A Piece of Paper

in 53rd Berlinale - Berlin International Film Festival

by Sonia Laszlo

How do we define ourselves? And how do others categorise us? Far too often, one basis for such classification is our passport. Equipped with the necessary visas and all kinds of other sealed papers and cards, it sets the base for all kinds of decisions that ultimately influence our lives for better or worse. So, what if one hasn’t been issued one of these official documents? Most of the world’s population feels like they are lacking “amulets of the 21st century” anyway.

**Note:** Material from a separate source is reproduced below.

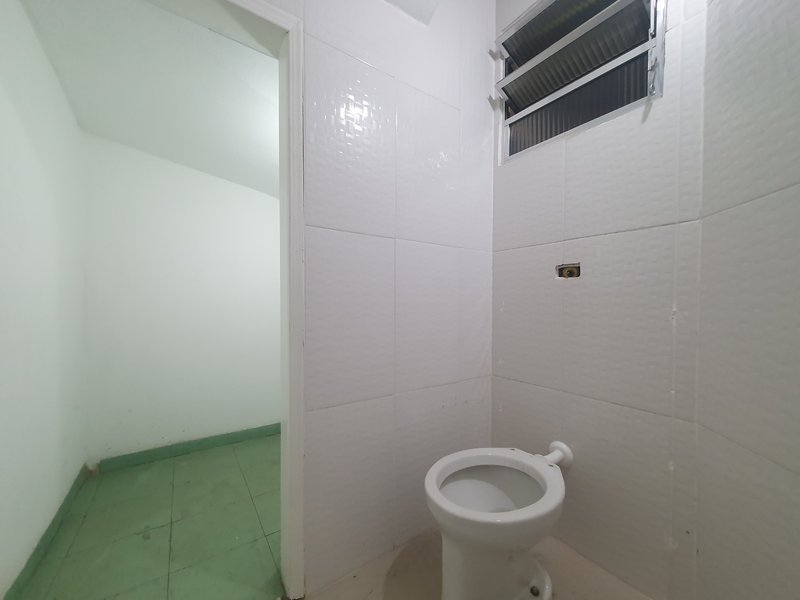 Loja Comercial Triplex no Centro Comercial de Alphaville 96m² Calçada das Anêmonas Barueri - 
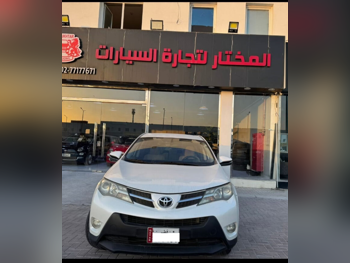 تويوتا  راف 4  2013  اوتوماتيك  260,000 كم  4 سلندر  دفع رباعي  اس يو في  أبيض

After Welcome to Sarajevo, director Michael Winterbottom deals with another crisis facing the world. He lifts faces out of the one million refugees a year that entrust their lives into the hands of smugglers in order to get to the “Paradise” of Europe or America. In a documentary style, the talented and unique filmmaker tells the story of Jamal and Enayatullah, two Afghans who flee to the Pakistani city of Peshawar. But they are not wanted there. Or anywhere else on their way to the West, partially along the ancient silk road. Jamal, the orphaned teenager and his cousin Enayatullah form a small unit that drifts along in the chaos of countries, languages, smugglers, immigration and beautiful, daunting landscape. The pieces of documentary, graphics and ad-libbed scenes brilliantly blend into one, supported by a passionate soundtrack from the Italian composer Dario Marianelli.

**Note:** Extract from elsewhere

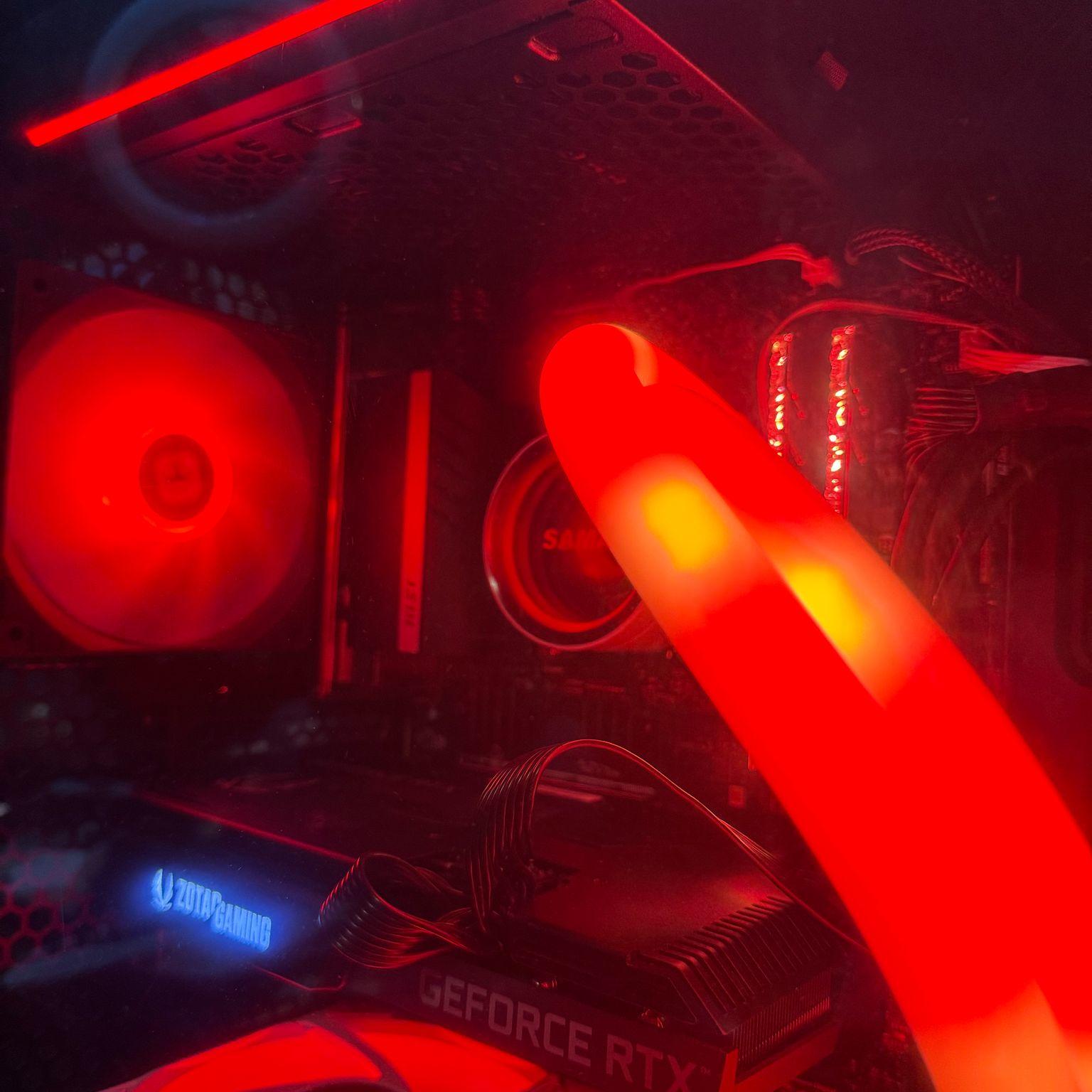 🏴‍☠️❄️Black Ice  🏴‍☠️❄️ i7 12700K | RTX 3070|| 1.75 TB NVME| 32 GB DDR4 3600 MHz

Often it is not even necessary to read the movie’s subtitles, as the human drama of the situations is all too familiar. Despite the odds our two heroes come up against, their situation suggests that humans are still an homogeneous species. And how disturbing it was for me to sit in a warm theatre, while experiencing on screen the high price others must pay for basic comfort.

There was never a completed script to the film, just a rough guideline and the energy of countless stories, experiences and emotions that were researched during the preparation of the film. Life wrote this movie’s script.

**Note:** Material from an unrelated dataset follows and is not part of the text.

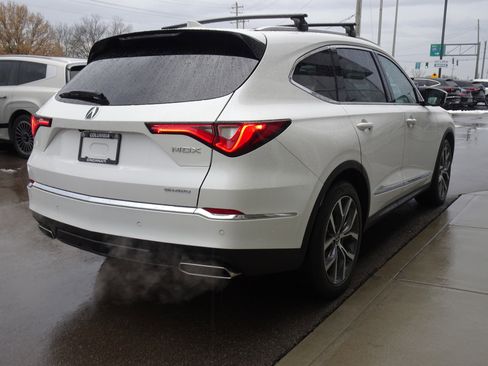 Used 2023 Acura MDX SH-AWD w/ Technology Package image 5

And yes life, in this case, is directed and given its baselines from the politicians of the countries that people immigrate to. Particularly in times like these, the question on what grounds to base decisions is up in the air. Europe’s immigration policies tend towards more and more restrictions and more “pieces of paper” that give you identity. An effort to revise the system has been made, but essentially politics has failed to deal sufficiently with the issue.

And no, just in case you were wondering, it was not September 11th that inspired the filmmakers. They had the idea before 9/11 and the incidents made them want to bring the material to the screen even more. Maybe you will see immigrants in a different light after watching this movie. What is certain is that you will have watched a moving story.